Without the pictures, write out all the lines below exactly as they appear.

Excerpted data:
* * * *
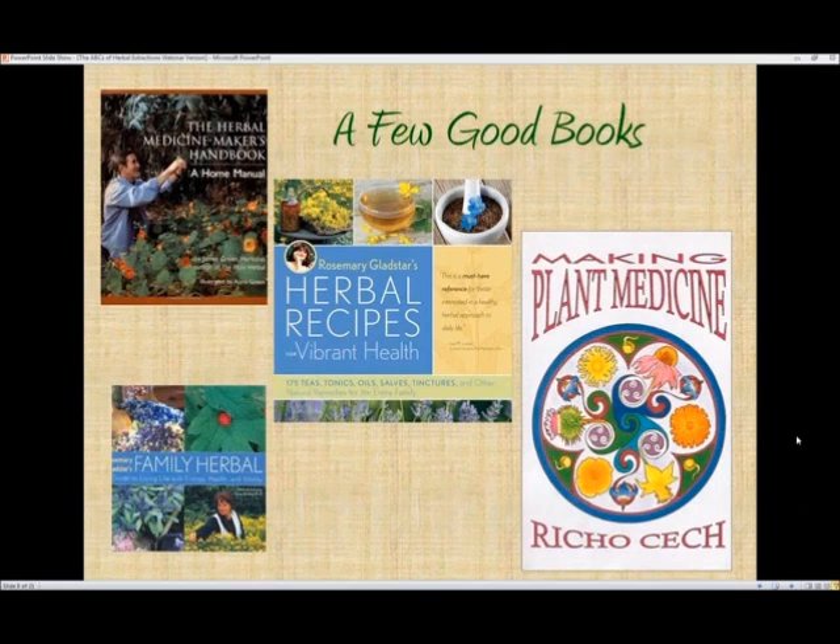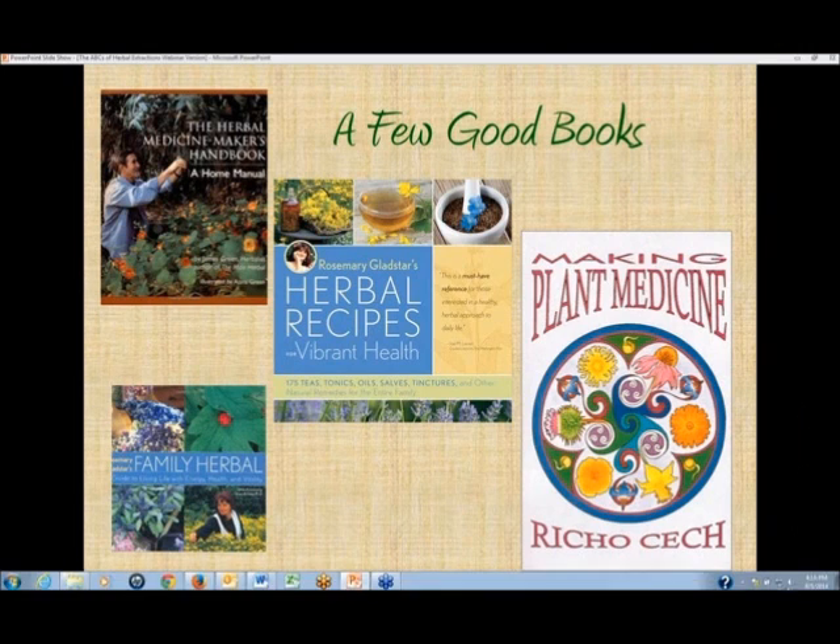A few good books to teach you how to make herbal products and give you good recipes include: The Herbal Medicine Maker's Handbook by James Green — really in-depth — and Making Plant Medicine by Richo Cech, another good book. They're both excellent at explaining why you do things the way they recommend. I've also included two of Rosemary Gladstar's books: The Family Herbal and Herbal Recipes for Vibrant Health, both with lots of different kinds of recipes. These are all commonly available online or through the authors themselves — why reinvent the wheel if someone else has already come up with a great recipe?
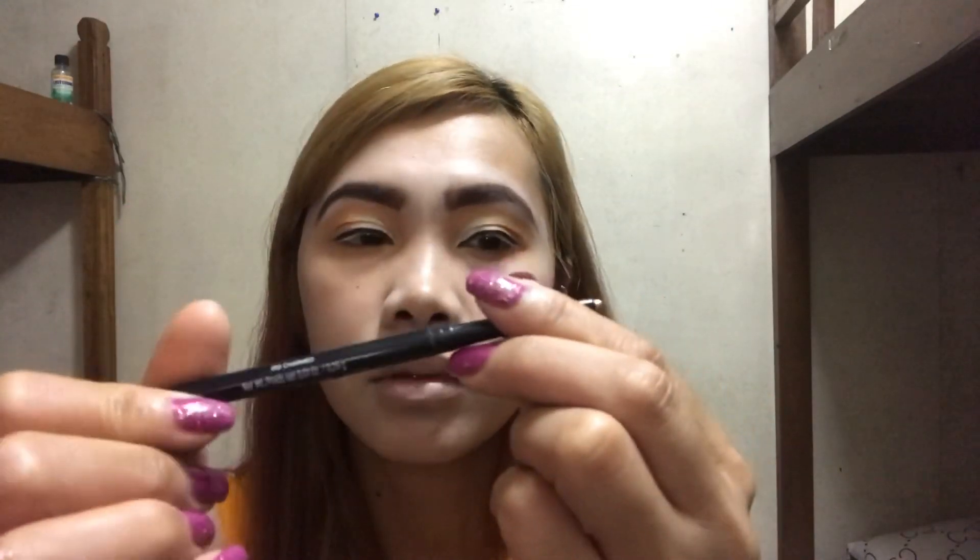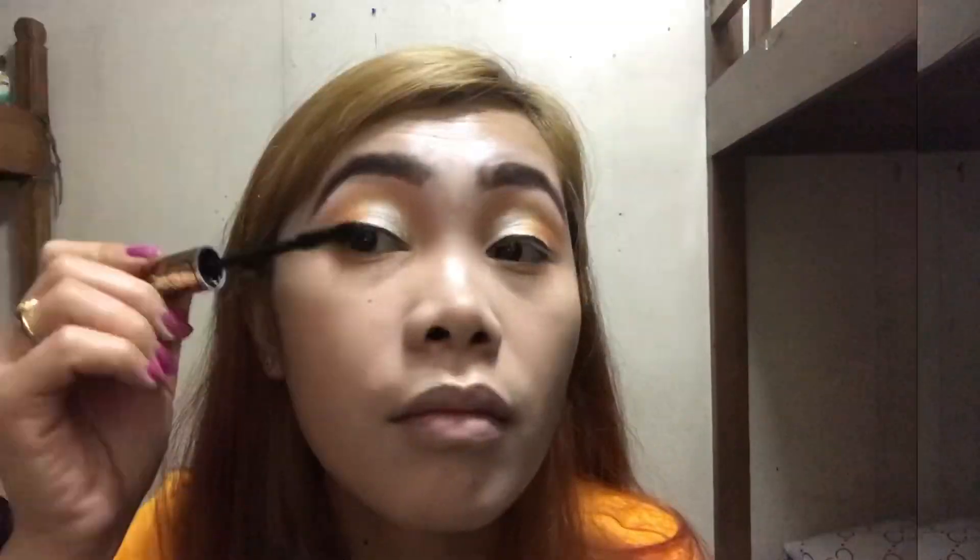Sa lower eye natin guys, magkukuha tayo ng kunting yellow at kunting peach pa rin, so lagay natin sa lower eye natin. And then eyeliner — gagamit tayo ng red blonde, ayan red blonde, ayan po siya. So kukuha tayo ng fake lashes — ayan, may eyelashes na ako. Parang hindi talaga siya tatalab.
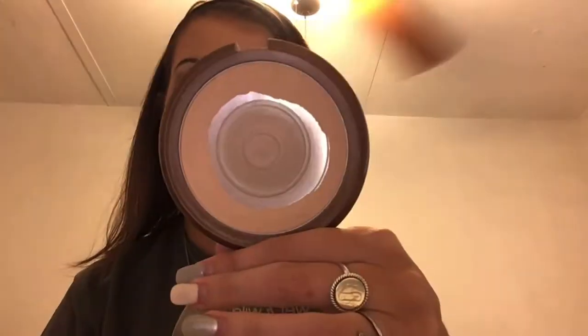They don't consider this an under eye setting powder, but I use it as one. This is the Wet n' Wild Color Icon Bronzer in the shade Reserve Cabana, I think. And you guys know if I've hit pan on something, that means I love it — and I have definitely hit pan. I love this powder. It has a little bit of a sheen to it, so it will definitely brighten that under eye and give you a pretty glow. It also sets the makeup down so great. I'm so glad I looked up to Kelly Strack because she's the one that got me onto this.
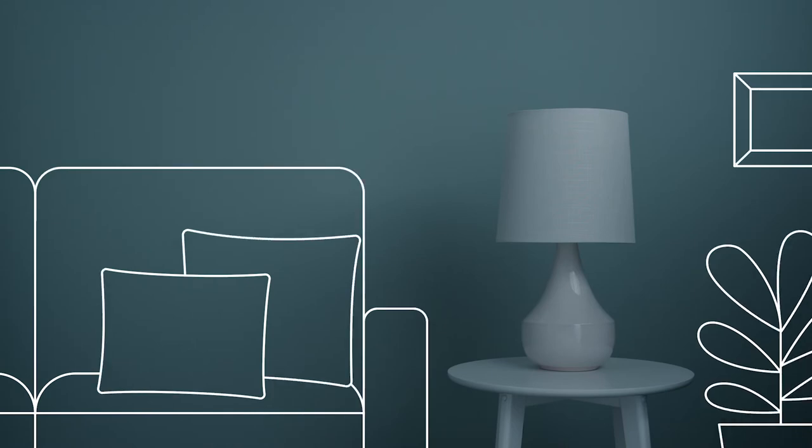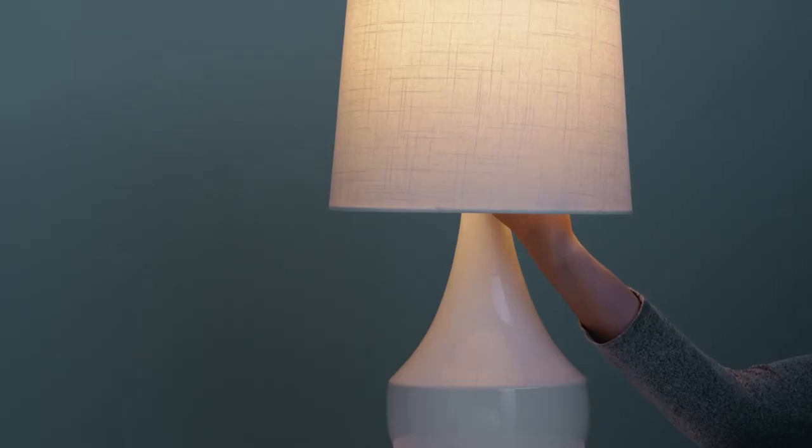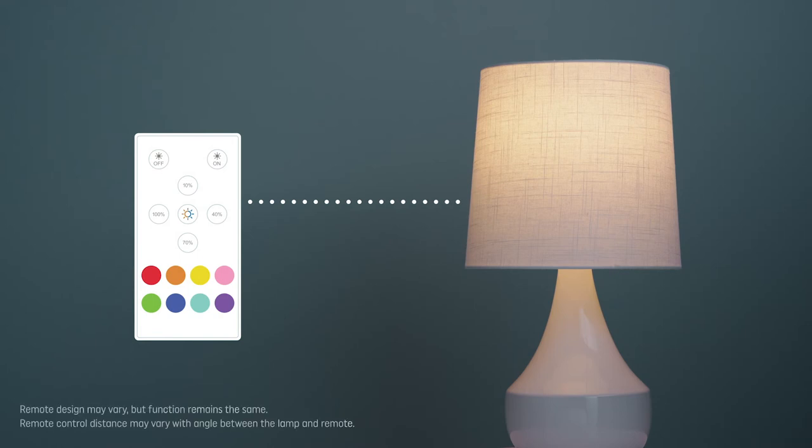Our LED plus color bulb equals colors and light temperatures that are controllable and conveniently simple. How simple? Well, after you screw in the bulb and turn on your fixture, use the remote to control multiple LED plus color bulbs within approximately 20 feet of where you are.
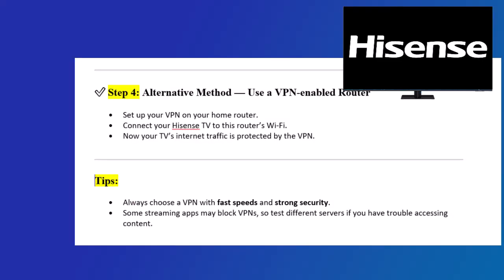Step 4: Alternative method — use a VPN-enabled router. Set up your VPN on your home router and connect your Hisense TV to this router's Wi-Fi. Now your TV's internet traffic is protected by the VPN.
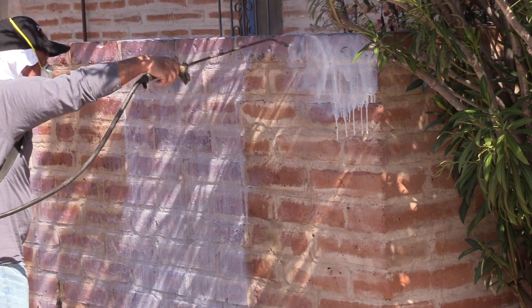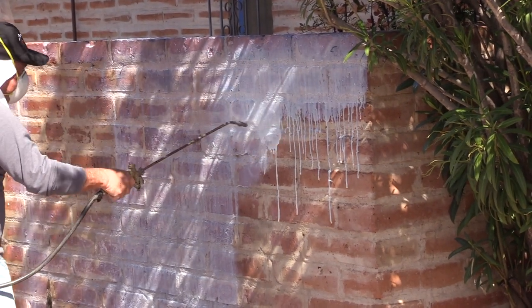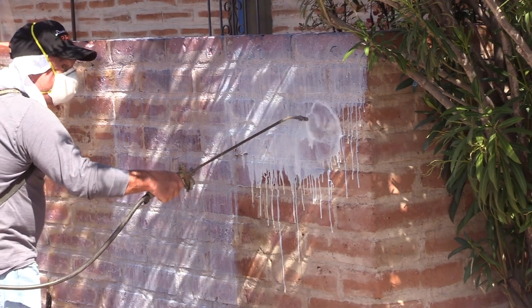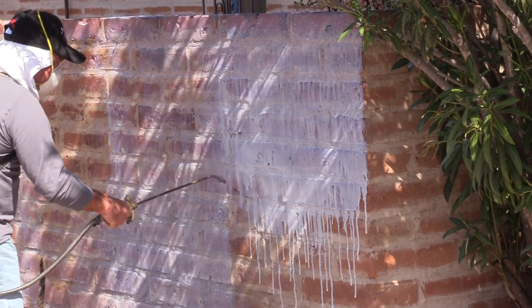This is the proper application method for applying the Sylox using the recommended Floodcoat. You know you are applying the correct amount when you see these long runs or drips cascading down the adobe wall.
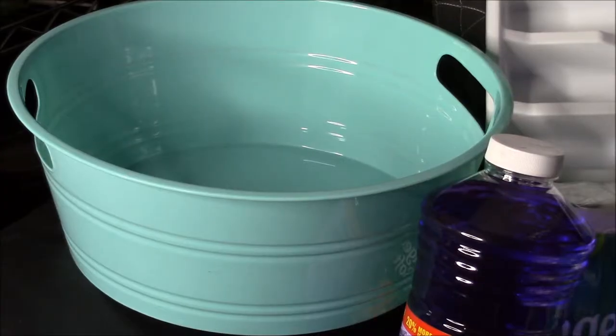This is a really quick Dollar Tree haul. I just wanted to show some organizing and cleaning stuff that I picked up, being that it's that time of year for spring cleaning and organizing. These really cute teal bins...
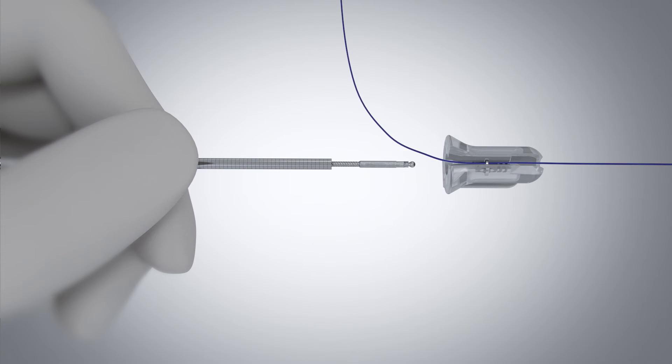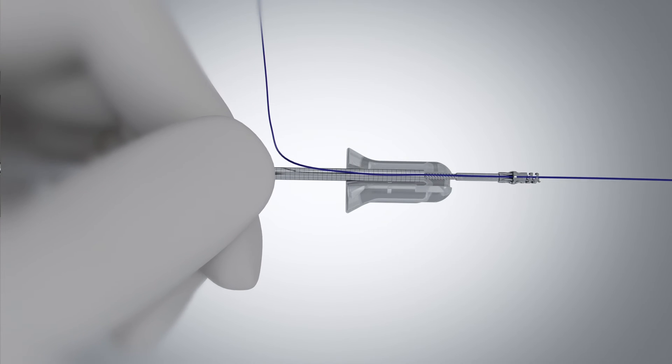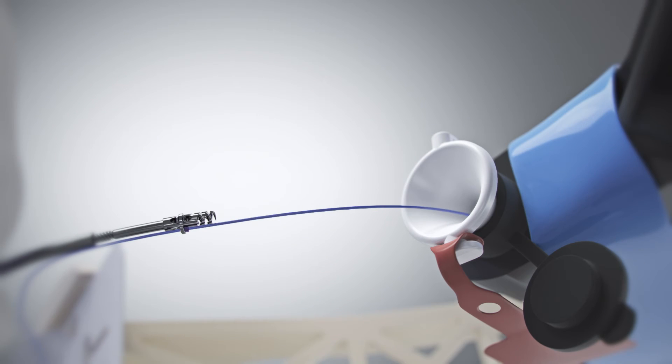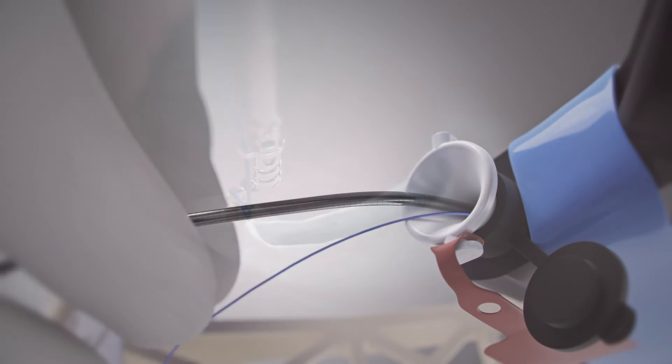Reload the second helix TAC by securing the distal end of the catheter and advance the driver into the reload pill until the driver engages. Continue to advance, then remove the catheter with loaded helix TAC. While holding tension on the suture, slowly advance the helix TAC along the suture into the working channel.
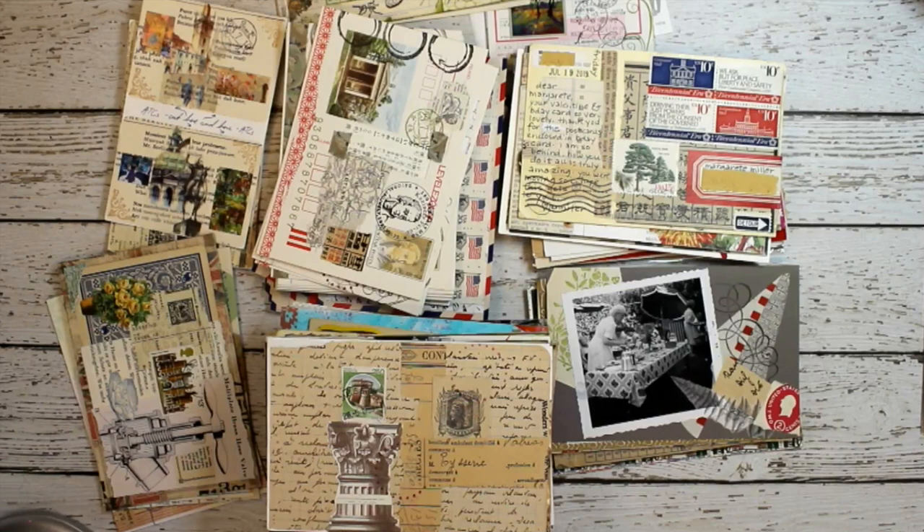Hi everyone, Marguerite here. Today on my desk is a big collection of postcard art — collage art done in a vintage style on postcards that get sent through the mail. These are ones that I have received and some that I have created myself. What I want to do is show you a bunch of examples to give you ideas, to inspire you to create postcards and mail them out and share your art with others.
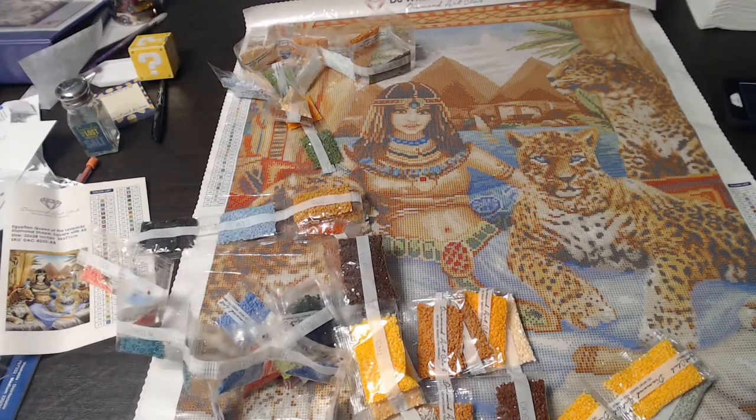It looks so gorgeous with the new camera. I hope you've enjoyed this video of the Egyptian Queen of Leopards — it's beautiful. Again, it's a square. The toolkits are on here somewhere, but being square it has tweezers in it — that's the only difference.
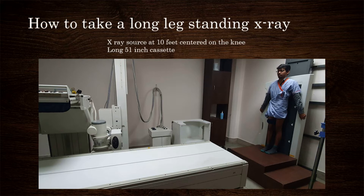A long 50-inch cassette is used. The patient stands in a way that the patella is facing forwards — the lower limb is internally rotated until the patella is facing forwards. This is the most important step in obtaining the scanogram. The x-ray source is kept at a distance of 10 feet, and the amount of exposure should be that used for hip or pelvic x-rays.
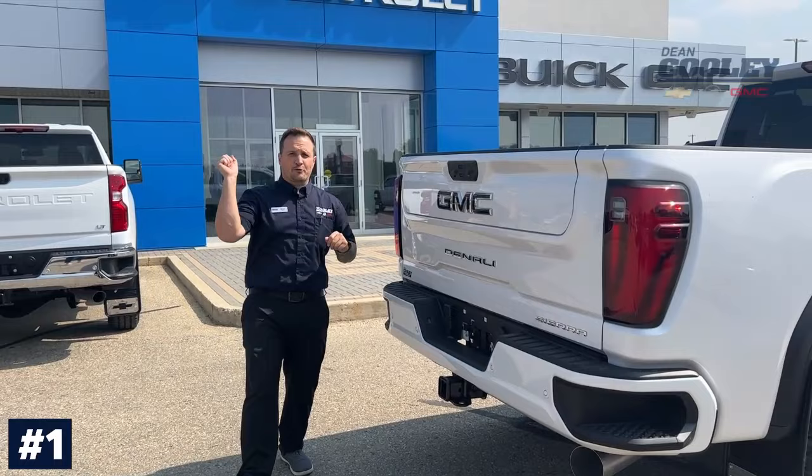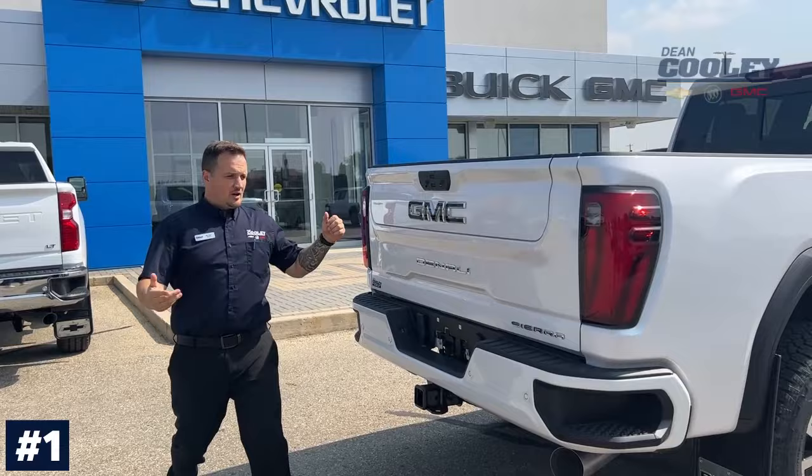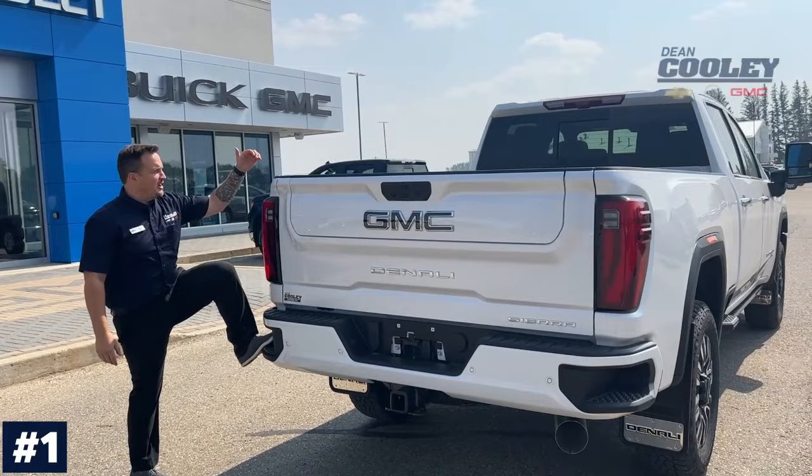Hey Parkland, Brian here from Dean Cooley GM with three ways to get in the best box in the biz. Number one: our corner step — super easy, been around for a long time. Lots of space for your foot, put your foot in there, grab the hand hold up here, and you're up in the box.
* * * *
Your solution:
A few good books to teach you how to make herbal products and give you good recipes include: The Herbal Medicine Maker's Handbook by James Green — really in-depth — and Making Plant Medicine by Richo Cech, another good book. They're both excellent at explaining why you do things the way they recommend. I've also included two of Rosemary Gladstar's books: The Family Herbal and Herbal Recipes for Vibrant Health, both with lots of different kinds of recipes. These are all commonly available online or through the authors themselves — why reinvent the wheel if someone else has already come up with a great recipe?
Sa lower eye natin guys, magkukuha tayo ng kunting yellow at kunting peach pa rin, so lagay natin sa lower eye natin. And then eyeliner — gagamit tayo ng red blonde, ayan red blonde, ayan po siya. So kukuha tayo ng fake lashes — ayan, may eyelashes na ako. Parang hindi talaga siya tatalab.
They don't consider this an under eye setting powder, but I use it as one. This is the Wet n' Wild Color Icon Bronzer in the shade Reserve Cabana, I think. And you guys know if I've hit pan on something, that means I love it — and I have definitely hit pan. I love this powder. It has a little bit of a sheen to it, so it will definitely brighten that under eye and give you a pretty glow. It also sets the makeup down so great. I'm so glad I looked up to Kelly Strack because she's the one that got me onto this.
Our LED plus color bulb equals colors and light temperatures that are controllable and conveniently simple. How simple? Well, after you screw in the bulb and turn on your fixture, use the remote to control multiple LED plus color bulbs within approximately 20 feet of where you are.
Step 4: Alternative method — use a VPN-enabled router. Set up your VPN on your home router and connect your Hisense TV to this router's Wi-Fi. Now your TV's internet traffic is protected by the VPN.
This is the proper application method for applying the Sylox using the recommended Floodcoat. You know you are applying the correct amount when you see these long runs or drips cascading down the adobe wall.
This is a really quick Dollar Tree haul. I just wanted to show some organizing and cleaning stuff that I picked up, being that it's that time of year for spring cleaning and organizing. These really cute teal bins...
Reload the second helix TAC by securing the distal end of the catheter and advance the driver into the reload pill until the driver engages. Continue to advance, then remove the catheter with loaded helix TAC. While holding tension on the suture, slowly advance the helix TAC along the suture into the working channel.
Hi everyone, Marguerite here. Today on my desk is a big collection of postcard art — collage art done in a vintage style on postcards that get sent through the mail. These are ones that I have received and some that I have created myself. What I want to do is show you a bunch of examples to give you ideas, to inspire you to create postcards and mail them out and share your art with others.
It looks so gorgeous with the new camera. I hope you've enjoyed this video of the Egyptian Queen of Leopards — it's beautiful. Again, it's a square. The toolkits are on here somewhere, but being square it has tweezers in it — that's the only difference.
A long 50-inch cassette is used. The patient stands in a way that the patella is facing forwards — the lower limb is internally rotated until the patella is facing forwards. This is the most important step in obtaining the scanogram. The x-ray source is kept at a distance of 10 feet, and the amount of exposure should be that used for hip or pelvic x-rays.
Hey Parkland, Brian here from Dean Cooley GM with three ways to get in the best box in the biz. Number one: our corner step — super easy, been around for a long time. Lots of space for your foot, put your foot in there, grab the hand hold up here, and you're up in the box.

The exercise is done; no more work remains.